For students with ASD, there is an interpersonal component that makes it very challenging to connect easily with teachers; however, with a flexible blended learning model, such as MATH 180, they excel (Scholastic Inc., 2013). Students on the spectrum have varying needs that are often best met when they are allowed to guide their own learning (Hasselbring, 2012). Flexible blended learning models that incorporate both teacher engagement and the use of adaptive technology provide ASD students with the support that they need to succeed (Claypool & McLaughlin, 2017). When technology is adaptive, it is capable of constantly assessing students as they learn. It is able to respond instantaneously to student progress and deliver instruction and practice at the optimal level.

Another aspect of technology-based instructional programs that greatly benefits students who struggle is its ability to readily provide targeted and repetitive practice. Like a musician who must repeatedly practice aspects of a new song until it becomes second nature, a student learning new skills needs the opportunity to practice them. This can be tricky in a crowded classroom full of students who need to practice different skills; however, smart, adaptive technology knows which skills each student is struggling with and provides the appropriate practice until it knows the student has mastered them (Hasselbring, 2012).

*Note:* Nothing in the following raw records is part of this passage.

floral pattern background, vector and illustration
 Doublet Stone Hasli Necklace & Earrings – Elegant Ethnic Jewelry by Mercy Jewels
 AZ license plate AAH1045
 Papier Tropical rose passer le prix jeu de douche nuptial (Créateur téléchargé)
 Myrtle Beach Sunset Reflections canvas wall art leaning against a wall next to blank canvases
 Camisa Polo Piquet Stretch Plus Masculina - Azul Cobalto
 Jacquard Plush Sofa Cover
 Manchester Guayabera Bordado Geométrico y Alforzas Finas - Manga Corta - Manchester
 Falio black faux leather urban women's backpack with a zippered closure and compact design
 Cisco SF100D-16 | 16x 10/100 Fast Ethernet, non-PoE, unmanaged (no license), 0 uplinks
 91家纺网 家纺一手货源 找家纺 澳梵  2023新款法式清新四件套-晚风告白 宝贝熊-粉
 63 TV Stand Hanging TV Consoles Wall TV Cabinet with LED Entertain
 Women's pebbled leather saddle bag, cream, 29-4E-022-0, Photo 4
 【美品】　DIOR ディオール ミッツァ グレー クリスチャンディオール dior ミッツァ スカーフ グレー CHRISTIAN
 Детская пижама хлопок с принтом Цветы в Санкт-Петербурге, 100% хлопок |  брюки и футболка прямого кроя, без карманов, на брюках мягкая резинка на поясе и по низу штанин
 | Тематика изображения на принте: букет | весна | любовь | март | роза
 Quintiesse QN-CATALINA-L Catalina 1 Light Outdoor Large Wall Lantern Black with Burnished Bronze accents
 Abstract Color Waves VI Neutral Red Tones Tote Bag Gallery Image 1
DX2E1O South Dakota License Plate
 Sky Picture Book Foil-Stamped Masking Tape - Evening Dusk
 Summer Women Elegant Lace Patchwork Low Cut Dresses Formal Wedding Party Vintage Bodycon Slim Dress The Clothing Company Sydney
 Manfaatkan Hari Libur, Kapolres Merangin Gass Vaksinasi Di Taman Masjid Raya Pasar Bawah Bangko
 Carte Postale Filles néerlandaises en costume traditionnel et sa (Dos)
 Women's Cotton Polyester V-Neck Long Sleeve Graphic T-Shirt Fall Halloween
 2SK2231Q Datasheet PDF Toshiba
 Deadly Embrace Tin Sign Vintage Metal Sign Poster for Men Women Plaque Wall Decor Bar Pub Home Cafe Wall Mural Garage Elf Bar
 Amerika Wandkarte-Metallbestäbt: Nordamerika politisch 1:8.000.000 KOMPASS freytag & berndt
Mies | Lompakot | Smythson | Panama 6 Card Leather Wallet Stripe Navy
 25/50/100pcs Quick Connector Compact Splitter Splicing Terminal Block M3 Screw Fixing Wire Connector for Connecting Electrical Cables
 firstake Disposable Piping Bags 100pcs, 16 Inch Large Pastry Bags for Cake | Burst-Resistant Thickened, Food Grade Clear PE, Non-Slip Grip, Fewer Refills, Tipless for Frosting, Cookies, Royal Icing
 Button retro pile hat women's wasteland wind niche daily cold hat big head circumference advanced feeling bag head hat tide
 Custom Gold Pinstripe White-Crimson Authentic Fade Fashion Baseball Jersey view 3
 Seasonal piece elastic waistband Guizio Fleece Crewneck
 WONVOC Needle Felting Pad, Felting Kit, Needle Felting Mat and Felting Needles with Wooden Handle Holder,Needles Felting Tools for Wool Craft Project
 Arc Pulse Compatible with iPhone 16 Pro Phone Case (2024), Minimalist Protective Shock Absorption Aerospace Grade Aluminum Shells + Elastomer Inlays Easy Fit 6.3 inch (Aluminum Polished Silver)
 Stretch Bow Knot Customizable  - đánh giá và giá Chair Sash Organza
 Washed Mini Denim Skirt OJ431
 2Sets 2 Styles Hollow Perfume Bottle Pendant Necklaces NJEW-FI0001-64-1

MATH 180 is designed to recognize that comprehending mathematical concepts while facing language barriers is an enormous hurdle. The research on effective instruction for ELs demonstrates the following principles (Goldenberg, 2013):

  1. Generally effective practices, such as those that a flexible blended model allow, are likely to be effective with ELs, as well as the rest of the student body
  2. English learners need plenty of opportunities to develop proficiency in English, which a personalized blended learning model can provide

In a study of high-performing schools with large populations of ELs, four broad effective practices were identified as having the most significant positive correlation with high test scores (Williams, Hakuta, Haertel, et al., 2007):

  1. Implementing a coherent, standards-based curriculum and instructional program
  2. Prioritizing student achievement
  3. Ensuring availability of instructional resources
  4. Using assessment data to improve student achievement and instruction
STRAND 2: Program-Based Professional Services Improve Implementation and Student Achievement

When professional services are in place, a comprehensive learning environment is provided that can support not only the unique needs of a district or school, but also the needs of each unique classroom. The Technological Pedagogical and Content Knowledge (TPACK) framework supports three aspects that increase learning: content, pedagogy, and technology (see Figure 2). These three aspects assist in successfully integrating technology into the classroom (Koehler, Mishra, & Cain, 2013).

FIGURE 2. The TPACK Framework and Its Knowledge Components

Improving systems and achieving coherence across schools maintain a focus on deeper learning and pedagogy. The HMH Professional Services Group has identified three elements that deepen learning based on the work of Koehler, Mishra, & Cain (2013) and Fullan & Quinn (2016):

  1. Providing systems that develop clarity of learning goals and build a shared understanding of the goals for students, educators, and parents
  2. Building precision in pedagogy through development of a common language and knowledge base, identification of proven pedagogical practices, and demonstration of clear causal links to impact
  3. Identifying processes that shift practice through capacity building such that leaders model best practices for their colleagues, shape a culture that fosters learning and innovation, and build capacity vertically and horizontally

Research has shown that teachers want to integrate more technology into their instruction (Bill & Melinda Gates Foundation, 2014). MATH 180 Program-Based Professional Services support this need by focusing on instructional direction, as well as by building pedagogical and growth skills. The three areas of focus include:

  1. Program-Based Services. The Program-Based Services team supports schools and districts in initiating and sustaining program implementation. This support can include Professional Learning Courses, Individual and Team Coaching, and Collaboration Strategies to ensure that teachers are building expertise with program content, strategies, and technology.
  2. Technical Services. The Technical Services team supports schools and districts with technical environment advice, product support, technical staff training, installation, reporting and data services, and web-based hosting to ensure fully functional school- and district-wide implementations.
  3. Practice-Based Services. The Practice-Based Services team, including International Center for Leadership in Education® (ICLE) and Math Solutions®, supports schools and districts with best practices and innovative approaches to instruction, data, blended learning, and leadership. The team equips educators with effective, research-based strategies and supports a common language for learning and the culture for success.
STRAND 3: Utilizing the MATH 180 Instructional Model Promotes a Positive Growth Mindset for All Students

Growth mindset is the belief that through effort and perseverance one can become better at whatever goal one is trying to achieve. The tendency to pursue long-term goals with sustained effort and hard work has been shown to predict academic achievement (Duckworth, Quinn, & Seligman, 2009; Duckworth & Quinn, 2009).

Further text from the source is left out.